(COLLECTED DATA):
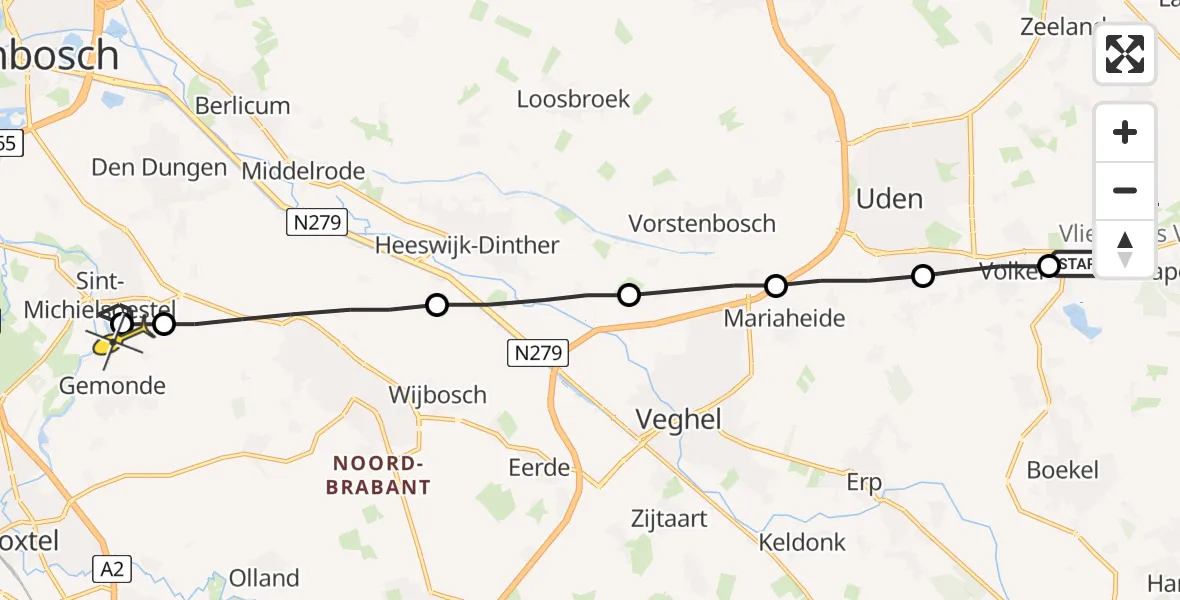 Routekaart van de vlucht: Lifeliner 3 naar Sint-Michielsgestel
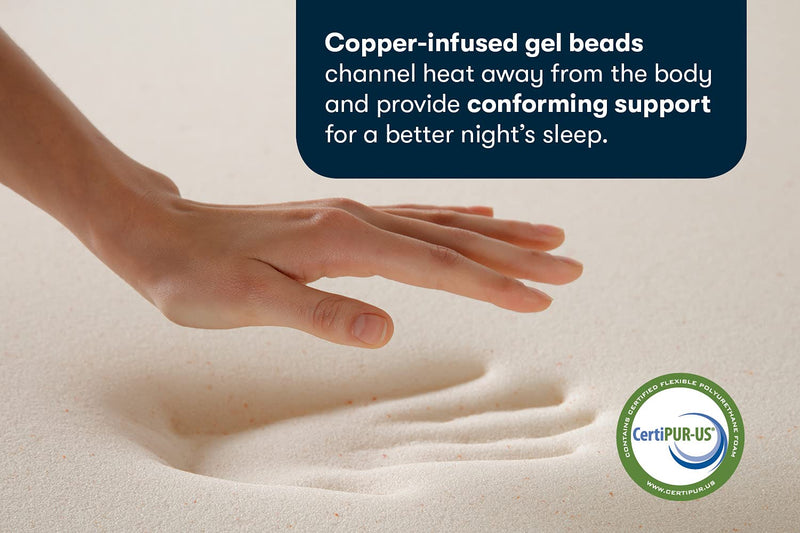 Serta CopperGel Memory Foam Mattress Topper, Full, Copper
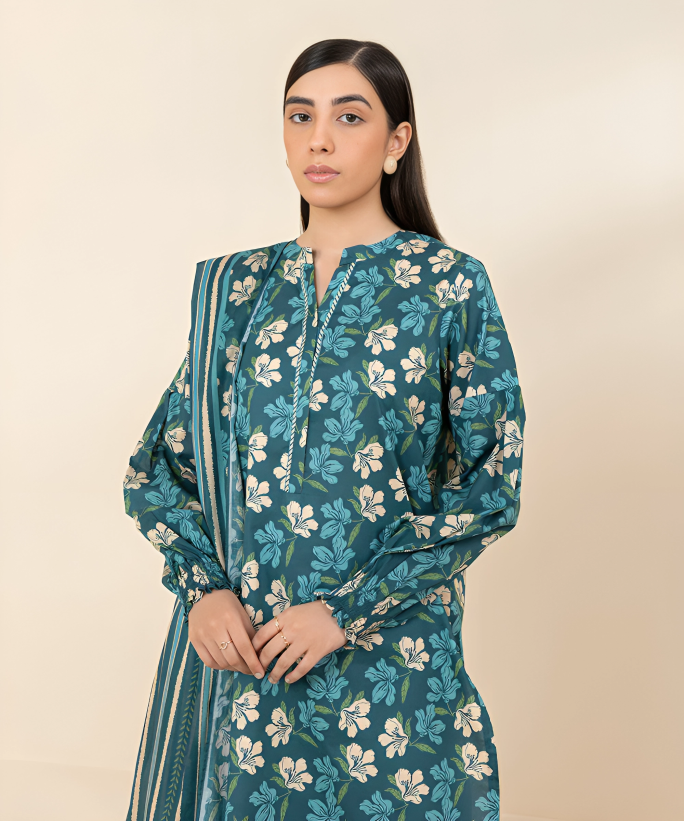 Sapphire Digital Printed Linen 3-PC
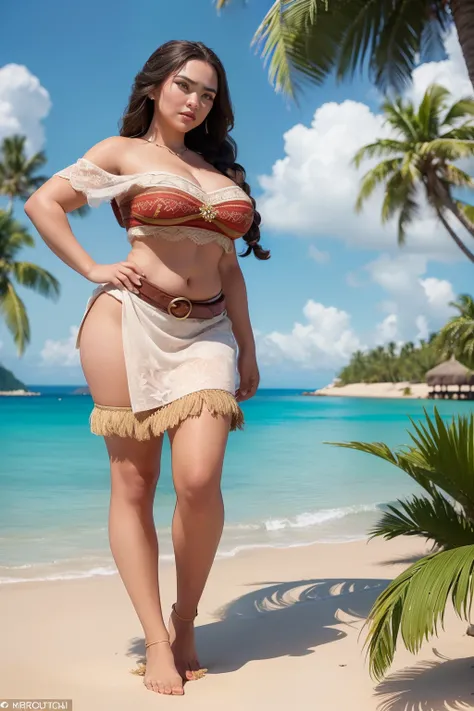 ((masterpiece, best quality, ultra-detailed, ultra-HD, photorealistic, cinematic)), ((alluring Moana)), perfect body, voluptuous body, perfect anatomy, perfect face, perfect hands, (large cleavage), round ass, (round legs), (long, wavy dark brown hair with...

(TASK DESCRIPTION):
Repeat the material exactly and drop each image.

(YOUR SOLUTION):
 Routekaart van de vlucht: Lifeliner 3 naar Sint-Michielsgestel
 Serta CopperGel Memory Foam Mattress Topper, Full, Copper
 Sapphire Digital Printed Linen 3-PC
 ((masterpiece, best quality, ultra-detailed, ultra-HD, photorealistic, cinematic)), ((alluring Moana)), perfect body, voluptuous body, perfect anatomy, perfect face, perfect hands, (large cleavage), round ass, (round legs), (long, wavy dark brown hair with...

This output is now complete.